Like all features in the knowledge.desk R bundle, fread is speedy. Extremely speedy. But there’s extra to fread than speed. It has several beneficial features and alternatives when importing exterior knowledge into R. Here are 5 of the most practical.
Notice: If you’d like to observe along, obtain the New York Situations CSV file of daily Covid-19 situations by U.S. county at https://github.com/nytimes/covid-19-knowledge/raw/learn/us-counties.csv.
Use fread’s nrows solution
Is your file large? Would you like to analyze its construction ahead of importing the whole point – without having to open it in a textual content editor or Excel? Use fread’s
nrows solution to import only a portion of a file for exploration.
The code underneath imports just the initially ten rows of the CSV.
mydt10 <- fread("us-counties.csv", nrows = 10)
If you just want to see column names without any knowledge at all, you can use
nrows = .
Use fread’s pick solution
When you know the file construction, you can pick out which columns to import. fread’s
pick solution lets you decide columns you want to continue to keep.
pick can take a vector of either column names or column-placement figures. If names, they need to be in quotation marks, like most vectors of character strings:
mydt <- fread("us-counties.csv",
pick = c("date", "county", "state", "situations"))

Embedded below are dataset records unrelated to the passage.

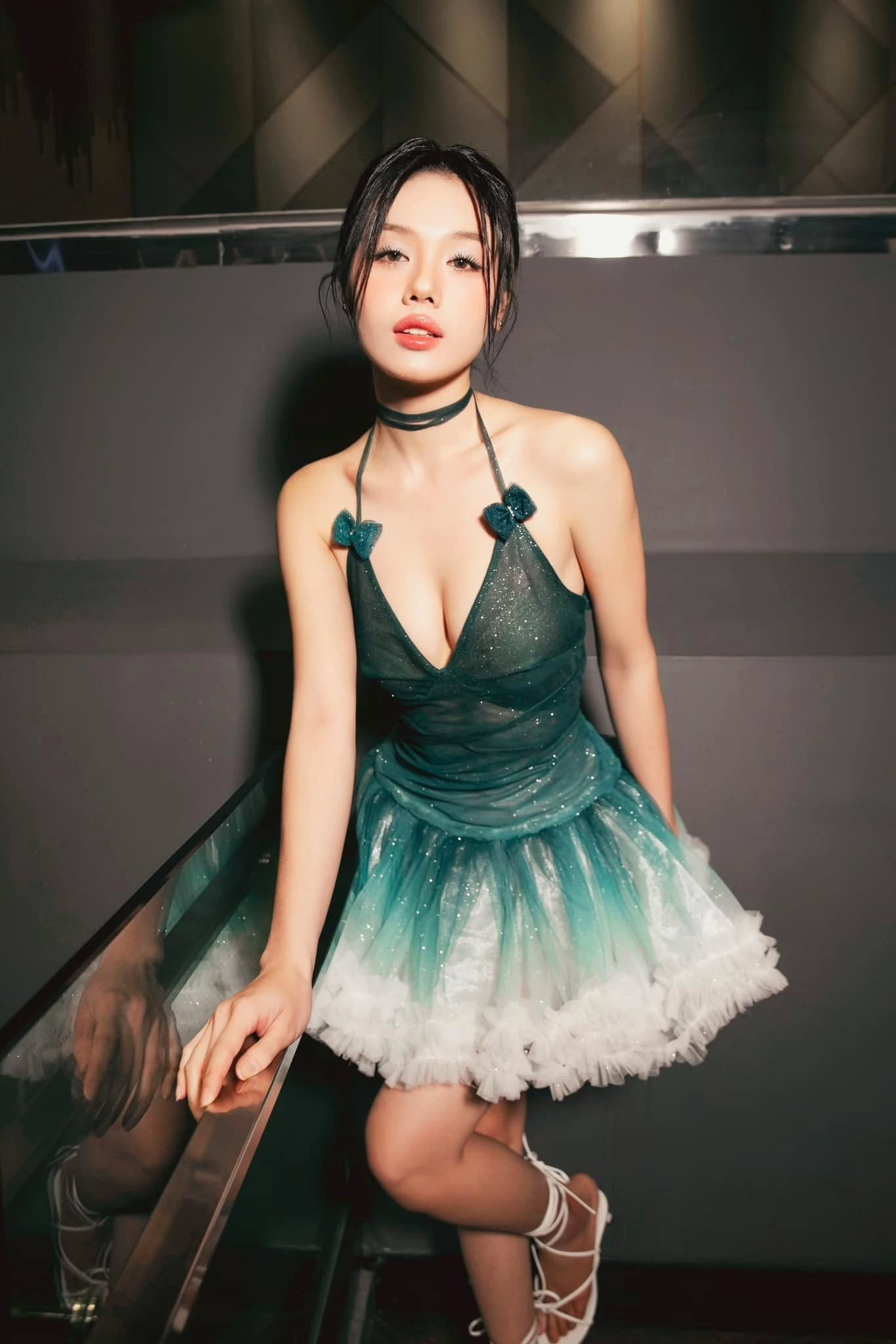 Hình ảnh đời thường quyến rũ của nữ tiếp viên đang hot trong Tử Chiến Trên Không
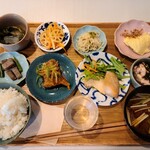 ヒトツキ - 後日、早速再訪しました！小鉢定食(1500円)の全景です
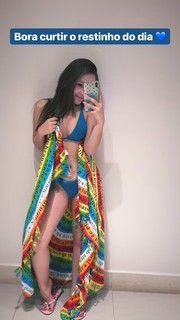 Larissa Manoela feet photo thumbnail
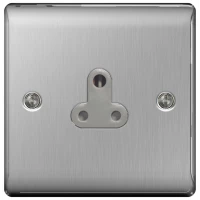 BG NBS29G Unswitched Round Pin Socket 5A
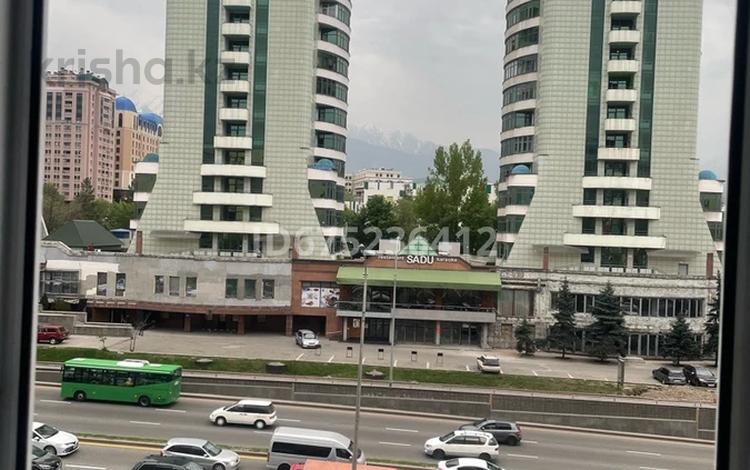 2 бөлме · 70 м² · 5 қабат, Самал-2 ш/а. 53, бағасы: 67 000 ₸ в Алматы, Медеуский р-н — фото 3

As constantly, figures don’t need quotation marks:
mydt <- fread("us-counties.csv", select = c(1,2,3,5))
You can use an R object with a vector of column names inside of fread, as you can see in this subsequent group of code. I produce a vector my_cols with date, county, state, and situations then I use that vector inside of fread.
my_cols <- c("date", "county", "state", "cases")
mydt <- fread("us-counties.csv", select = my_cols)
The reverse of
drop. You can pick out to import all columns apart from the ones you specify with
drop, these as:
mydt <- fread("us-counties.csv", drop = c("fips", "deaths"))
drop can take a vector of column names or numerical positions.
Use fread with grep
If you are acquainted with Unix, you can execute command-line tools correct from inside of fread. For example, if I just required California knowledge, I could use grep to only import strains that consist of the textual content “California.” Notice that this queries every overall row as a textual content string, not a precise column, so your knowledge has to be in a structure wherever that makes perception.
ca <- fread("grep California us-counties.csv")
Regretably, grep doesn’t have an understanding of the original file’s column names, so you close up with default names.
head(ca) V1 V2 V3 V4 V5 V6 1: 2020-01-twenty five Orange California 6059 1 two: 2020-01-26 Los Angeles California 6037 1 three: 2020-01-26 Orange California 6059 1 4: 2020-01-27 Los Angeles California 6037 1 five: 2020-01-27 Orange California 6059 1 6: 2020-01-28 Los Angeles California 6037 1
However, fread lets us specify column names with the
col.names solution. I can established the names dependent on names from mydt10 that I designed higher than.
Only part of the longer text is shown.